SourceForge Headquarters 225 Broadway Suite 1600 San Diego, CA 92101 +1 (858) 454-5900

Dear Kishore,

On Tue, 2004-08-31 at 14:57, SAMPATHKUMAR KISHORE KANIYAR wrote:
> Today, I tried something along the lines of what you have written.
> Yes, you are right! It causes the additional node to go down! With
> the script I have given below, you can reliably reproduce the
> bug everytime.
>   
> Run the following on the init node (or node with node number 1):
>   
> $ /tmp/trytar.sh &
> $ strace -f -ff -o ps1 ps --node <node number>
>   
> Where /tmp/trytar.sh contains the following:
> ----- BEGIN: /tmp/trytar.sh -----
> for i in 0 1 2 3 4 5 6 7 8 9
> do
>     strace -f -ff -o tar$$ bash-ll -c "tar cf tar$$.out /tmp/*.out" > /dev/null 2>&1 &
>     sleep 2;
> done
> ----- END: /tmp/trytar.sh -----
>   
> I checked and found that, while that node is down, if you do a
> "ping" of that node (in your case node2), it will actually respond
> to the "ping"!
>   
> However, "cluster" command notices that the additional node is
> down. node 2 transitions to DOWN state and the node down event is
> handled by all surviving nodes!

We have encountered similar behavior.
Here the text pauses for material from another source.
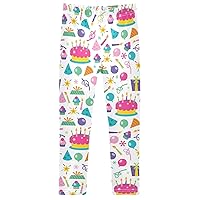 Happy Birthday Cake Girl's Leggings Soft Ankle Length Active Stretch Pants Bottoms 4-10 Years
Since we applied the patch from
John Byrne, our cluster stayed up for a week. To further investigate
what went wrong this time, we did quite some tests. However, we never
succeeded in producing a totally fool-proof way of crashing a node.

One way seems to be to execute a few top with very high update rates
from the init node on a second node using onnode, like this:

node1$ onnode -l 2 top d0

Usually, node 2 crashes after a few seconds. Sometimes, a little extra
load on node 2 helped it crash sooner and sometimes only one top was
sufficient. However, we could not reproduce the problem when starting
the top commands from node 2's virtual consoles.

> I will start working on this bug immediately. Will keep you posted.

What is your latest findings?

Thanks in advance,
Martin Jacobsson

-- 
Martin Jacobsson <m.j...@ew...>